Science Fiction, Adventure, Myth
The story is set in the future, so that kind of makes it science fiction by default, complete with high-tech gadgets, strange new social arrangements, and guys in white who bear a suspicious resemblance to Imperial Stormtroopers. That's the great thing about sci-fi: if it's the future, it can look like whatever the creators want. It lets them conjure up specific images and feelings and pretend like it's just another day in the 23rd Century.
Like a lot of sci-fi, it's an adventure story, too. Katniss is whisked off from her mundane home into a new, exciting and very dangerous world far beyond her imagining.
Finally, The Hunger Games wants us to think about this new story in terms of some very old ones, and that means adding a dash of myth into the mix. Author Collins said she intended her books to evoke Greek mythology, to point out how stories set in the future could have the same larger-than-life feeling as stories of gods and monsters do. Interviewing the author, the New York Times writes:
As her primary influence, Collins, who has a love of classical plays, frequently cites the Greek myth of Theseus and the Minotaur, in which the people of Athens are required by their Cretan adversaries to offer up seven boys and seven girls for sacrifice to the deadly Minotaur, a half-human monster who lives in a maze. "I was also heavily influenced by the historical figure Spartacus," she said. "Katniss follows the same arc from slave to gladiator to rebel to face of a war. (Source)
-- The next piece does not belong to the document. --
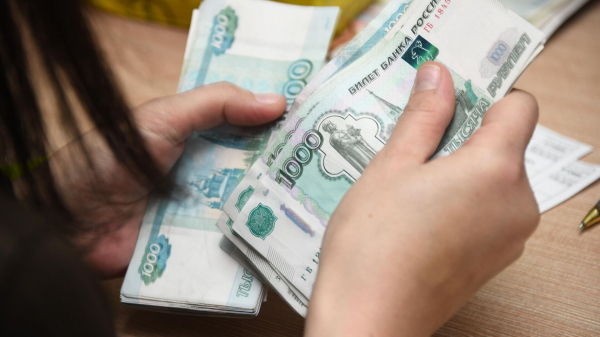 Центробанк: россияне стали чаще снимать наличные из-за отключений Интернета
In the film, images evoking the gory glory of Rome are everywhere. The Tribute parade could have been pulled straight from old Roman epic films; Snow speaks to the Tributes from on high like Commodus to the gladiators; the mobs cheer the Tributes they know will be dead in 24 hours; the Capitol sends wild animals into the arena to tear the Tributes apart. Even the grand scale of the Capitol architecture has a Rome-meets-Nazi Germany thing going on. We can't wait to see this new Empire fall.